I used both methods above to successfully move my VMs from my older 6.5 pool to the newer 7 pool. Success.

PCI Passthrough in Xenserver 7 “Dundee”

I’ve recently upgraded to the latest version of Citrix Xenserver 7 (codenamed “Dundee”.) 7 is based on CentOS 7 and has a massive amount of changes under the hood. One such change was how they handle PCI Passthrough.

It took some time to figure PCI Passthrough out. 7 uses grub instead of extlinux for the bootloader. It appears to be grub2 but they don’t use the standard update-grub tool, rather you simply edit the config file and do nothing else.

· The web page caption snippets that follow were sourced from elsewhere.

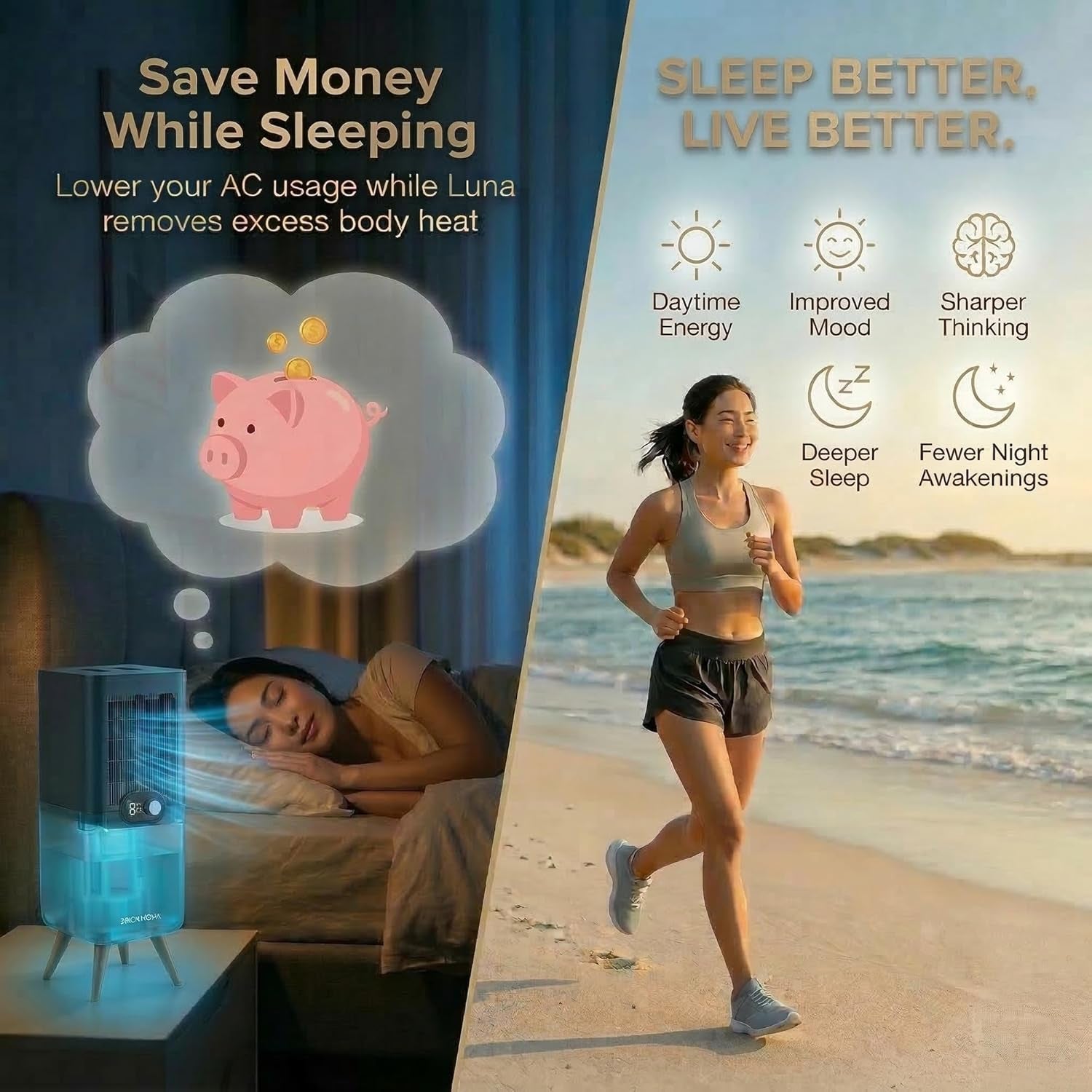 Luna - Water-Cooled Bed Cooling System - Elegant & Compact Bed Cooler for Hot Sleepers, Deep, Restorative Sleep - Dual-Sided Cooling Mattress Pad & Precise Temperature Control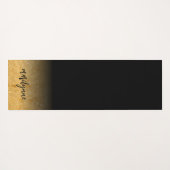 黒パーソナライズされた金ゴールドエクササイズマット ヨガマット (裏面(横))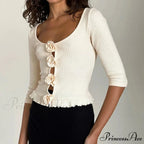 3D Rosette Front Hollow Out Retro Half Sleeve Sophisticated Woman Slim Fit Y2K Crop Top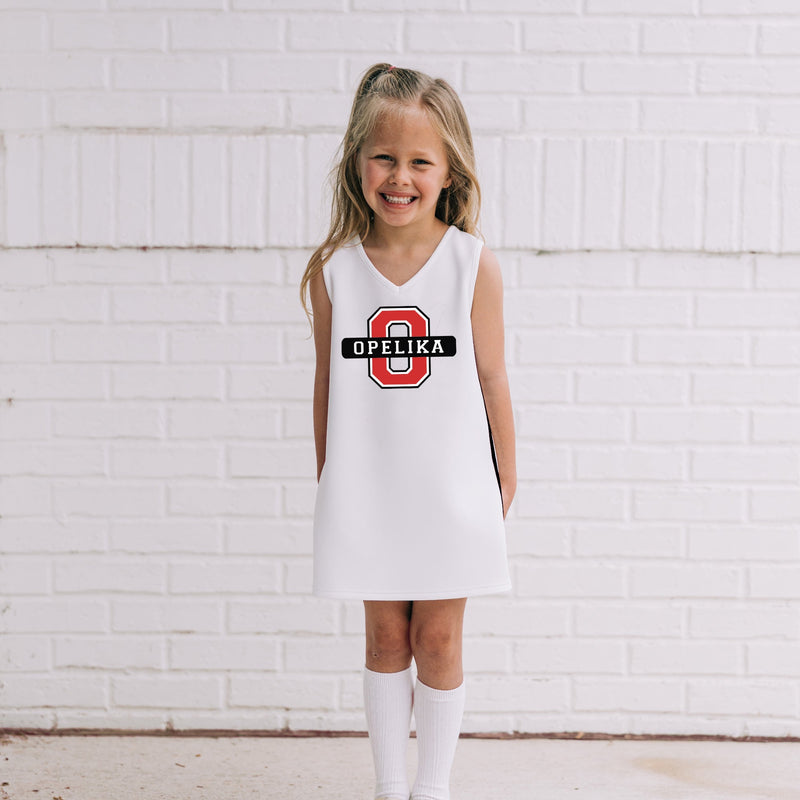 The Opelika | White V-Neck Cheer Dress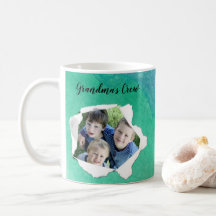 Custom Paper Hole Photo Blue Green Watercolor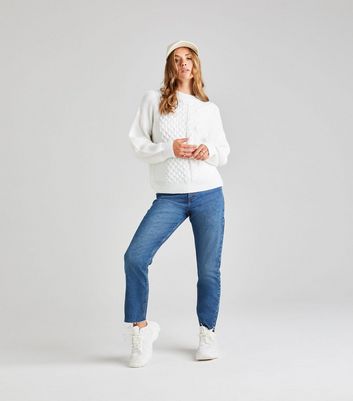 Urban Bliss White Cable Knit Jumper 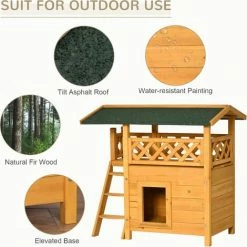 PawHut Cat House Outdoor Kitten Shelter Puppy Kennel W/ Balcony Stairs Roof 4 PawHut Cat House Outdoor Kitten Shelter Puppy Kennel W/ Balcony Stairs Roof -PawHut Shop 54395728 5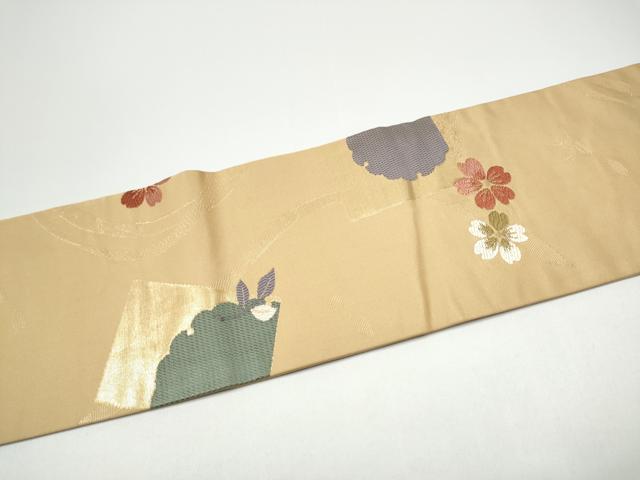 平和屋着物●九寸名古屋帯 唐織 色紙重ね雪輪舞桜文 金糸 正絹 逸品 CABG6218hy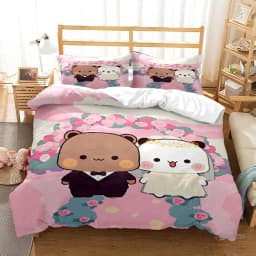 Cute Bubu Dudu Cartoon Bear Panda Duvet Cover Kawaii Bedding Sets Soft Quilt Cover and Pillowcases Single/Double/Queen/King Kids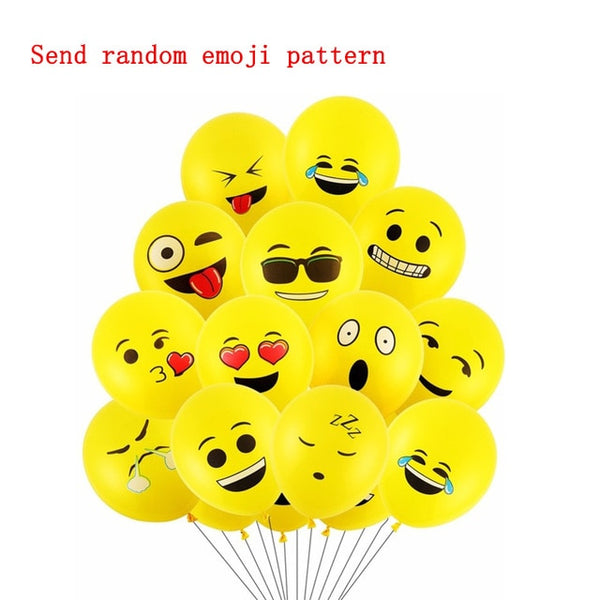 ZHEYIKE 5/10pcs Smiley Face Emoji Air Balloons Happy Birthday Party Helium Balloon Decor Wedding Festival Balon Party Supplies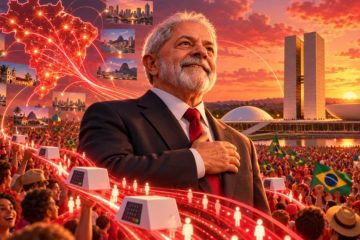 Ilustração de Lula da Silva perante apoiantes em Brasília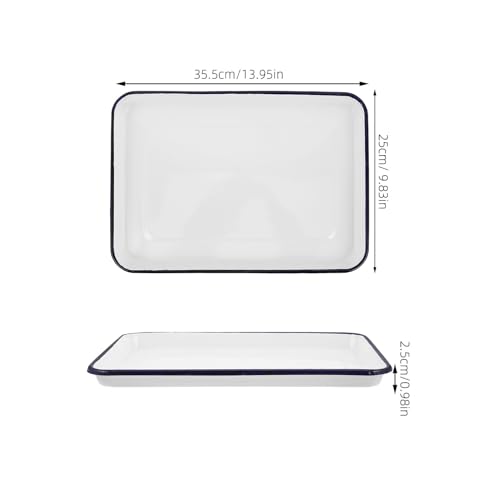Vaisselle en émail résistante la chaleur grand plat à rôtir rectangulaire blanc durable - 3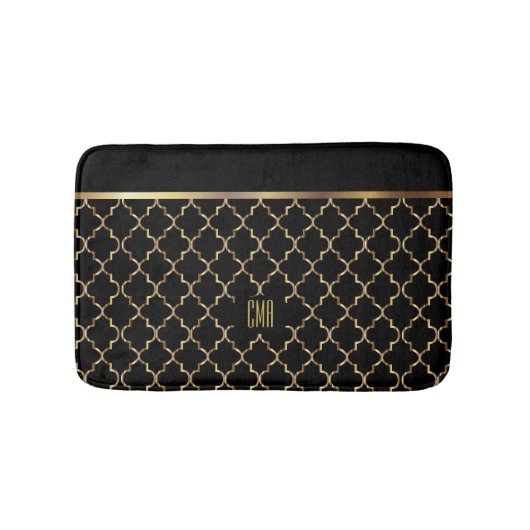Gold und Black Quatrefolie - Monogram Design Badematte (Vorderseite)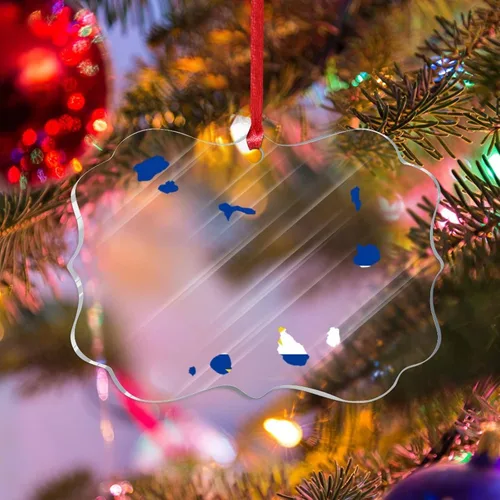Vista 21 de Silueta de bandera de Bielorrusia, adornos de árbol de Navidad, bandera nacional, recuerdo de Navidad, adornos acrílicos de Bielorrusia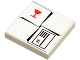 Part No: 3068pb0155  Name: Tile 2 x 2 with Parcel White with Red Fragile Goblet Pattern (Sticker) - Set 7734
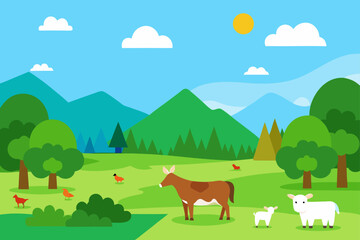 Illustration of a farm with animals and mountains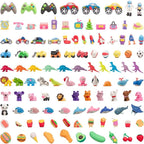 CLOCK KING 110pcs 3D Cute Kids Erasers, Random Desktop Pet Toys Gifts, by CLOCKKING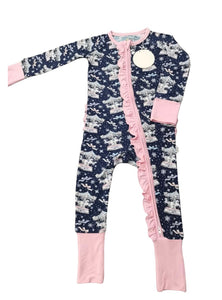 One Piece Zip Up  - Winter Carousel Bamboo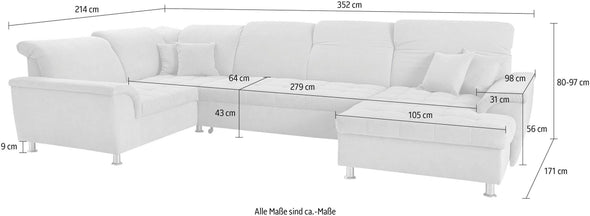 Colțar in forma de U Franzi gri extensibil cu depozitare 352x214 cm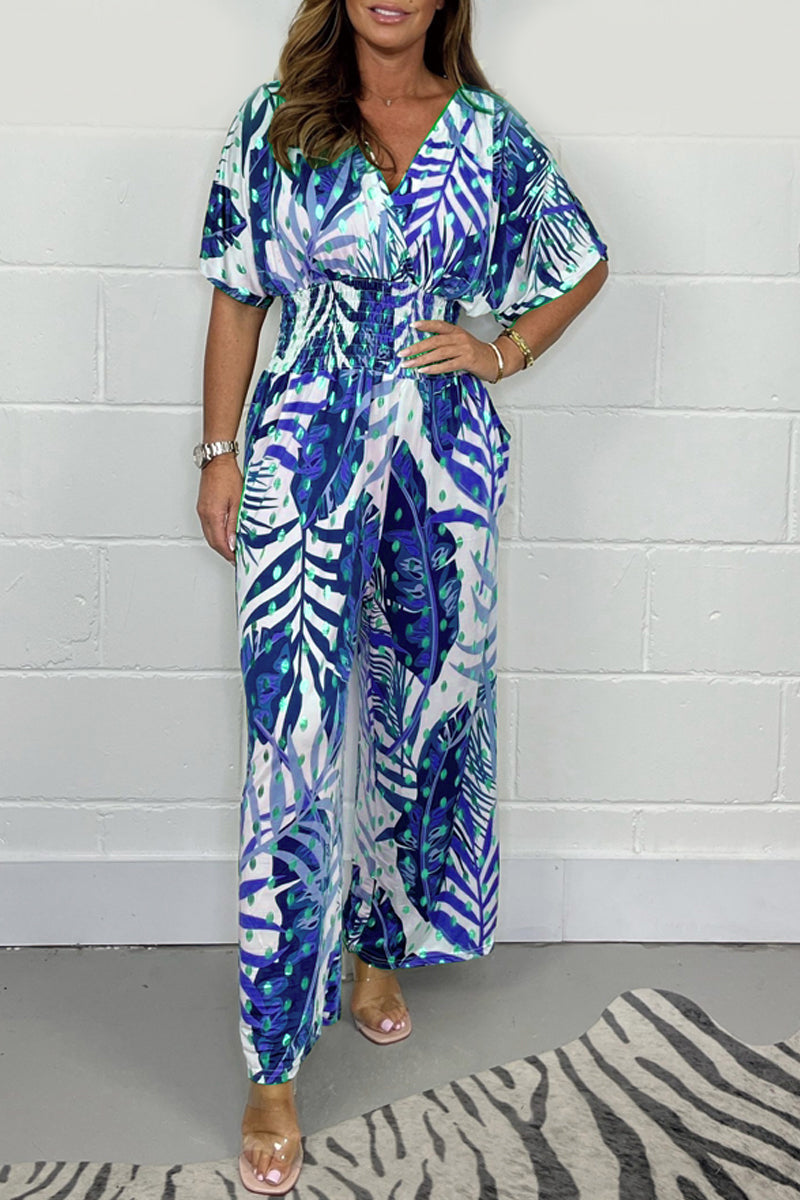 Women's Casual Summer Floral Outfit Jumpsuit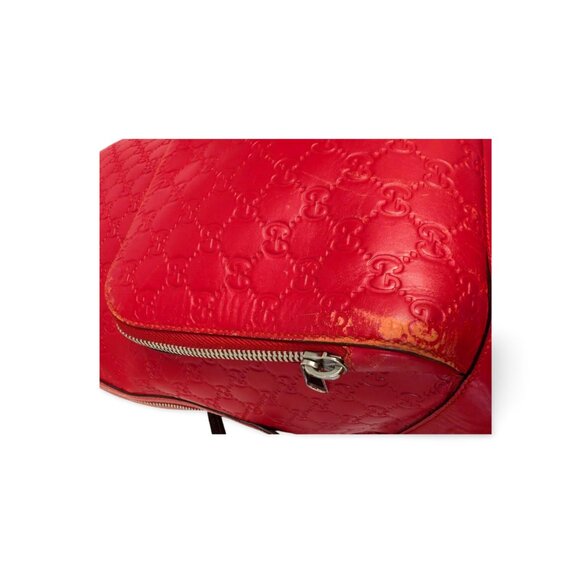 Authentic Red GUCCI Embossed Leather Backpack, Rare Red - Picture 6 of 8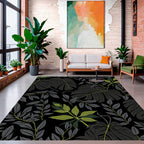 Dark Tropical Foliage Pattern Rug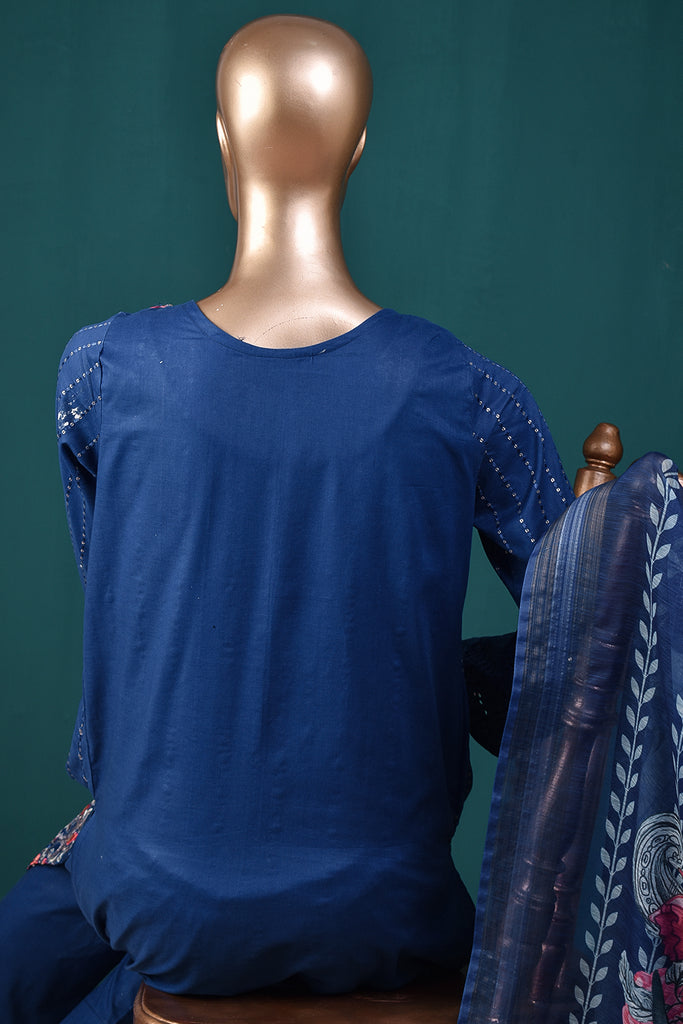 Aqs-e-Junoon (SC-184B-Blue) Chikankari Embroidered & Printed Un-Stitched Cotton Dress With Raw Khaddi Soft Organza Digital Printed Dupatta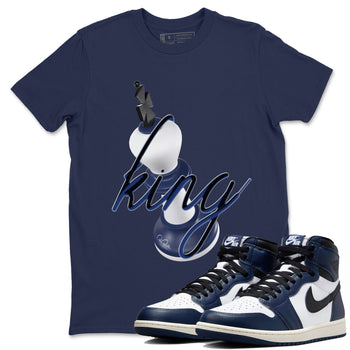 1s Midnight Navy shirts to match jordans 3D King sneaker match tees Air Jordan 1 Midnight Navy match shoes to clothes SNRT Sneaker Tees unisex cotton Navy 1 shirts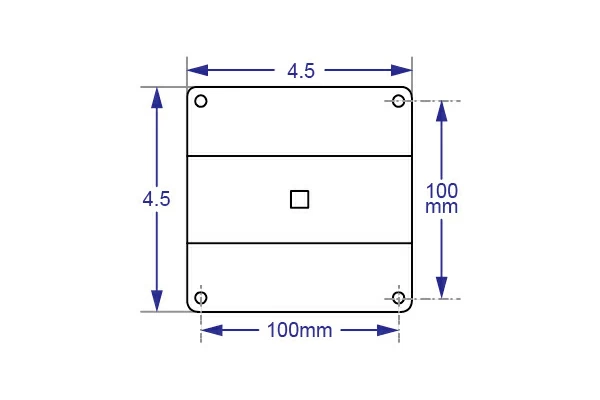 Drawing: 100 x 100 mm sliding VESA adaptor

After much searching I found this post which led me in the right direction. In Xenserver 7, for pci passthrough support you must do the following:

  • Prepare the VM for PCI passthrough (this part hasn’t changed)
    xe vm-param-set other-config:pci=0/0000:B:D.f uuid=<vm uuid>
  • Modify /boot/grub/grub.cfg and append the following to the end of the module2 line (if you boot from EFI the file to modify is /boot/efi/EFI/xenserver/grub.cfg)
     xen-pciback.hide=(B:D.f)
    
  • Reboot

You will now be able to pass through hardware to your virtual machines in Xenserver 7. Hooray.